Background information
- Born: Jewel Eugene Akens September 12, 1933 Houston, Texas, U.S.
- Died: March 1, 2013 (aged 79) Inglewood, California, U.S.
- Occupations: Singer, record producer

= Jewel Akens =

American R&B singer (1933–2013)

Jewel Eugene Akens (September 12, 1933 – March 1, 2013) was an American singer and record producer.

==Career==
He recorded with The Medallions on Dootone, with the Four Dots on Freedom, and then with singer Eddie Daniels as "Jewel and Eddie" on the Silver Records label in 1960. A number of his recordings featured Eddie Cochran on guitar. He later went solo and recorded "The Birds and the Bees" in 1964, on the Era Records label. The single went to Number 3 in the Billboard Hot 100 chart that year, and Number 2 on the Cash Box chart, and was Number 2 for four weeks on Canada's CHUM Chart, kept out of Number 1 by the Beatles and Herman's Hermits. It reached Number 29 in the UK Singles Chart. It sold over one million copies, and was awarded a gold disc. But the follow-up, "Georgie Porgie" only reached Number 68.
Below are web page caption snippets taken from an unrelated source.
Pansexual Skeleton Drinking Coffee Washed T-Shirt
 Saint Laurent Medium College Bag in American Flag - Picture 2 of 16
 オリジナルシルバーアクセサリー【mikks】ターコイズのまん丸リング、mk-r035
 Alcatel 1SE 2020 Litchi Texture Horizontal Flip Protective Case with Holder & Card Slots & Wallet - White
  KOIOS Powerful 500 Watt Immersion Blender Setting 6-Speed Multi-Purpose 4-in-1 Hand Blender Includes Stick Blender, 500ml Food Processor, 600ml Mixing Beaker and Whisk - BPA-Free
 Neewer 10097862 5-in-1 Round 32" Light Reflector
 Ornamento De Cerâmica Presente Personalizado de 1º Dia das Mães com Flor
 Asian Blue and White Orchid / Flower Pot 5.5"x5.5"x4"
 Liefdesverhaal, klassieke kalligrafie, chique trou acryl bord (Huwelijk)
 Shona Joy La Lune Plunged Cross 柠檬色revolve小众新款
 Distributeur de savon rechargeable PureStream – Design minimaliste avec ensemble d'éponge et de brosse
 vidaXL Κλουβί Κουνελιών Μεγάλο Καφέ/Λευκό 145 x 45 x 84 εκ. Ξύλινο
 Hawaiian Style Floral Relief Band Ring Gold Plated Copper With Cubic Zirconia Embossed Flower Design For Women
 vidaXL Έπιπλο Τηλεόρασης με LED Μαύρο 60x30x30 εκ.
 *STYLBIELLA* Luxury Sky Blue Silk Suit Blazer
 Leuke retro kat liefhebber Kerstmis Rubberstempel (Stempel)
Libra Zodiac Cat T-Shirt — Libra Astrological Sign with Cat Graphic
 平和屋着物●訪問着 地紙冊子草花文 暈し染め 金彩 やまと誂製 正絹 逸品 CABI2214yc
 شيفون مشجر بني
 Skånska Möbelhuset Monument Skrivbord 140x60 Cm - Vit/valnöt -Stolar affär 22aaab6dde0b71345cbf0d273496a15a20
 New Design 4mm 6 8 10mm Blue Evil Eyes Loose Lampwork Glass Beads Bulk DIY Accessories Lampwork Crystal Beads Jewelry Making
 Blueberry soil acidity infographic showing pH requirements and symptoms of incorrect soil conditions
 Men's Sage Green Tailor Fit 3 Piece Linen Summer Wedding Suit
Akens toured regularly since 1965 and included a tribute to his mentor, Sam Cooke, in most of his shows. He also fronted a group billing itself as The Coasters, though it featured no actual original members of the group. Akens considered his cover versions of "Little Bitty Pretty One" by Thurston Harris and "You Better Move On" by Arthur Alexander to be his best work. He toured with The Monkees in the late 1960s and continued in the music business until the middle of the 1970s. Akens undertook more shows (2006–2011) with a new set of Dots, that consisted of Al Martin, Hurley D and songwriter and producer Richard Dickson.

==Death==
On March 1, 2013, Akens died from complications of back surgery, aged 79. He is buried in the Mausoleum of the Golden West in Inglewood Park Cemetery.

He is survived by his wife, Eddie Mae.